What’s Past is Prologue
However it’s generated, time-tracking data can help with project execution issues such as unrealistic schedules and reactionary planning. Poor focus and unclear goals were the biggest cause of troubled projects, according to McKinsey.
Time-tracking data can yield the information companies need to tackle this challenge, but managers may need to re-think how they put together budgets for future projects, according to San Francisco-based firm Allocate.
The root cause of such project mishaps is something called the “planning fallacy,” according to economist Daniel Kahneman, who won the Nobel Prize for his work on the topic. Humans tend to run into trouble, he argues, because of overconfidence. They fail to take into account the variability of how past projects turned out when planning the next one.
To counter this tendency, he said, companies need an accurate database of past project outcomes — what he calls a “reference class” — so that they can see, of instance, that one project took 200 hours of work while a similar one took 300 hours because of variables that may not be under their control. The company can then make a more objective estimate of how its future project compares, and what the range of labor demands and costs might be. This, he said, is “reference class forecasting.”
Kahneman’s technique becomes especially powerful, according to Allocate, when a company uses its time-tracking data to look at how multiple phases of past projects turned out. The odds of each stage of a project going off-kilter due to changing client demands or sick staff may be relatively low. But link all the stages of a project with multiple players together, and “the joint probability that at least one of these elements will go awry in rather high,” said Allocate on its blog. The firm said its time-tracking and project planning software “allows you to become a reference class forecaster, likely without even knowing it.”
How To Go Beyond Billing
Even in day-to-day operations, time-tracking data offers a lot of potential uses beyond simply determining client billing.
Time-tracking data can help with determining which individuals and departments are more or less efficient, or point to other performance issues. Deeper analysis can give managers a better understanding of the company’s capacity to take on additional work. Data analysis also can pinpoint why some projects tend to bog down more than others, perhaps because they include repetitive tasks that can be automated or outsourced.
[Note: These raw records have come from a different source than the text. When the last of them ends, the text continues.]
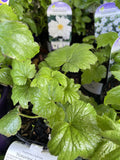 ANEMONE HYBRIDA HONORINE JOBERT 14CM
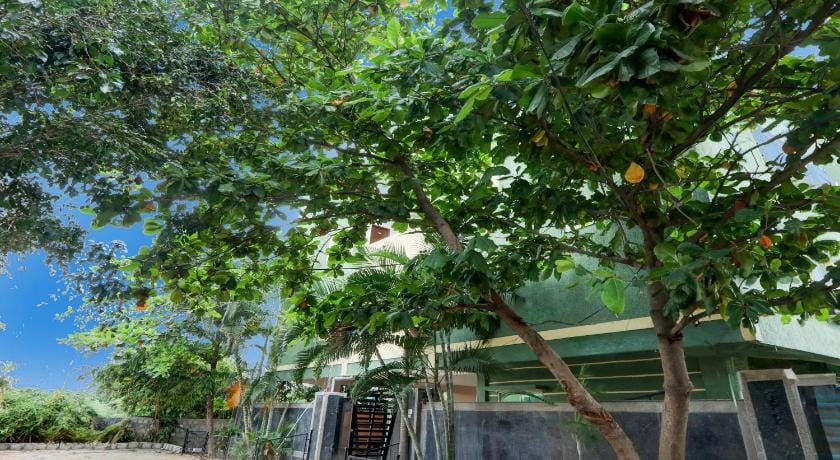 Collection O Kukatpally S Palace Hotel in Hyderabad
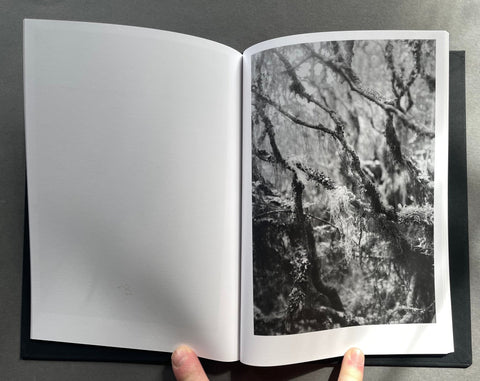 The Rooted Heart Began To Change - Setanta Books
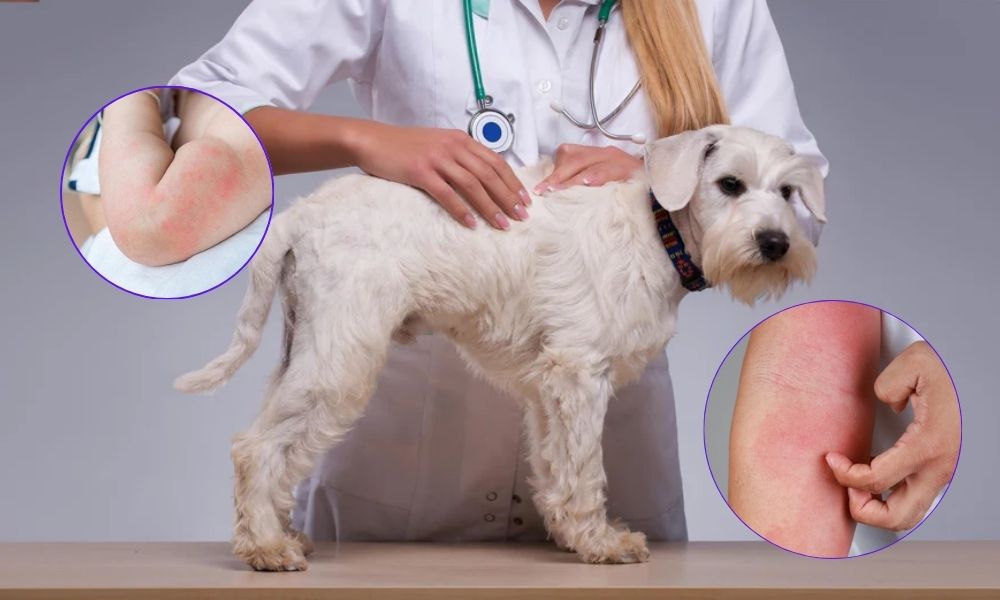 Nuôi chó mèo có gây mụn không? Cách vệ sinh da mặt đúng cách 5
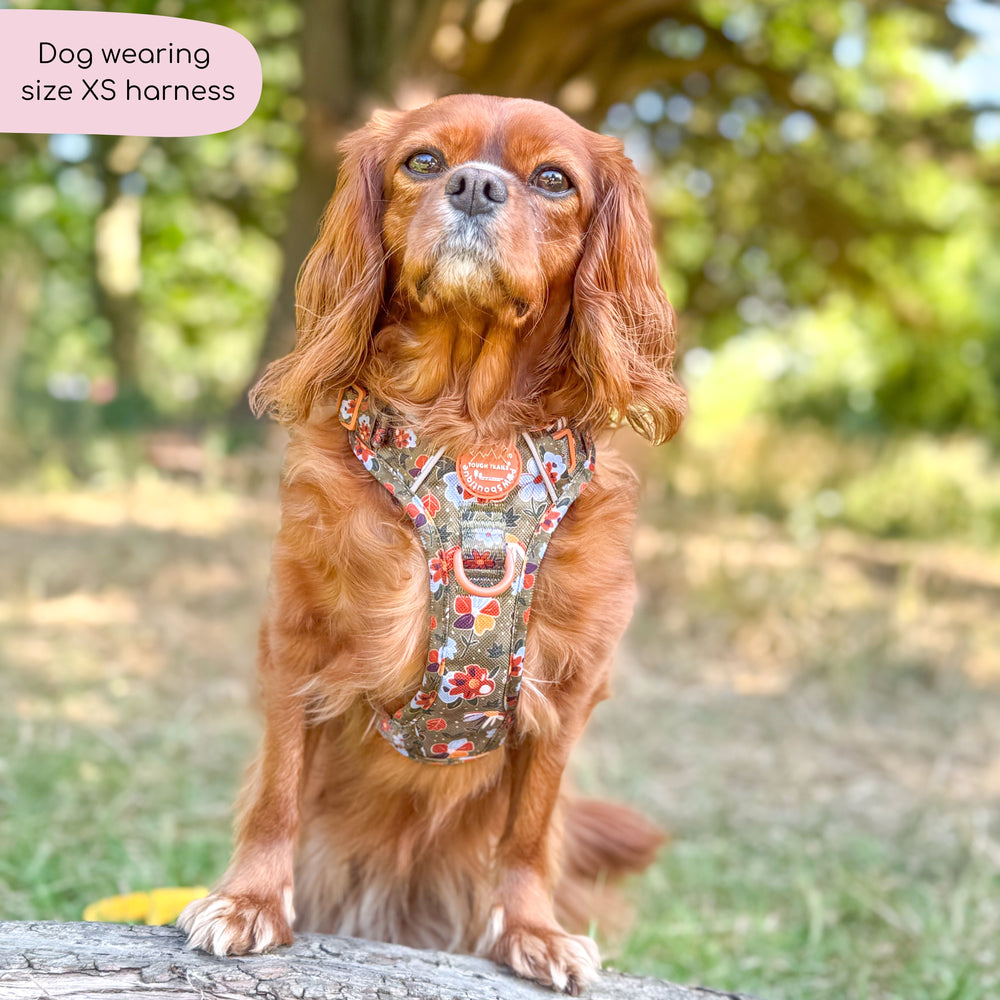 Tough Trails™ Harness - Rust & Bloom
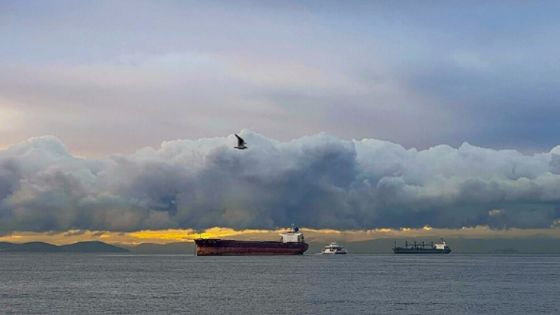 وزير الطاقة القطري: أسعار النفط قد ترتفع إلى 150 دولارا للبرميل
By using time-tracking data to gain deeper insight into its staff’s productivity and work capacity, a company also can get a better handle on which projects or clients are most or least profitable. Combined with information on upcoming client jobs, a firm can determine when it needs to staff up or down.
Accurate time-tracking data can also provide the documentation that software and other technology firms need to claim valuable R&D tax credits.
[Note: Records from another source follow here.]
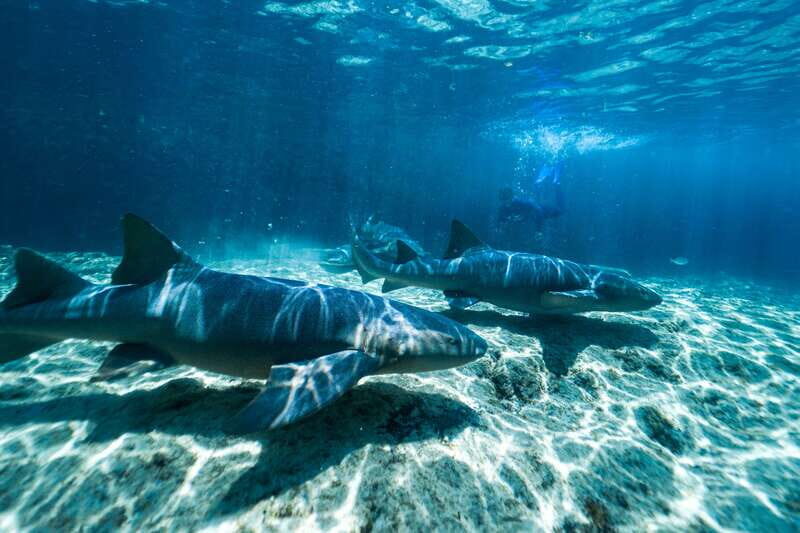 Cozumel: Snorkel and Swim with Stingrays - What to Expect from the Tour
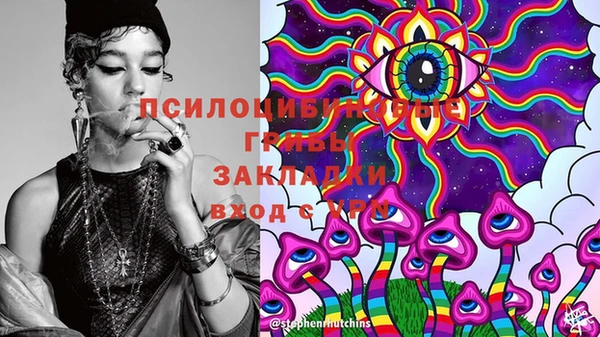 синтетический гашиш Алексин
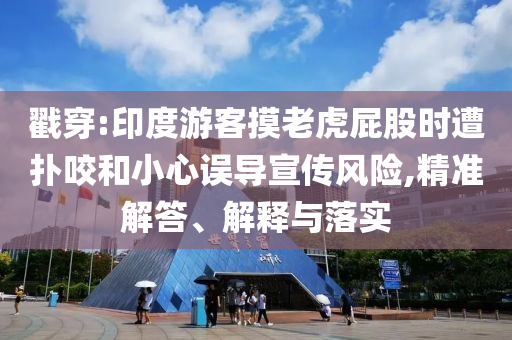 戳穿:印度游客摸老虎屁股時(shí)遭撲咬和小心誤導(dǎo)宣傳風(fēng)險(xiǎn),精準(zhǔn)解答、解釋與落實(shí)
Thanks to the 2015 Protecting Americans from Tax Hikes Act (the PATH Act),small and mid-sized businesses have an easier time claiming a dollar-for-dollar offset to income taxes for qualifying research expenditures. The company’s spending must be related to developing and improving new products or processes, and should involve hard science or engineering, such as computer science or biology.
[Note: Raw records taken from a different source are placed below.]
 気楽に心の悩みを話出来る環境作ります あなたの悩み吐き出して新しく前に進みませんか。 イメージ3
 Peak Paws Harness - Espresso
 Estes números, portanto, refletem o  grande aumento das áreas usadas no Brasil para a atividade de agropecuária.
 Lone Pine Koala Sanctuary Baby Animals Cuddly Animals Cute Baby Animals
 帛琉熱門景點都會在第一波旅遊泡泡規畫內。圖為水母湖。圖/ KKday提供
But such tax benefits can help fund labor expenses, whether for traditional employees or outsourced hires – which is where tracking employees’ relevant work time comes into play.
Time tracking isn’t just for law firms, accountants, consultants and other professional services providers. And its benefits can extend far beyond billing and payroll.
Analysis of time tracking data allows firms to gain insights into the productivity of their workers, plan for staffing demands, provide verification for R&D tax credits, improve operations, and even learn which clients or projects offer the highest potential profitability.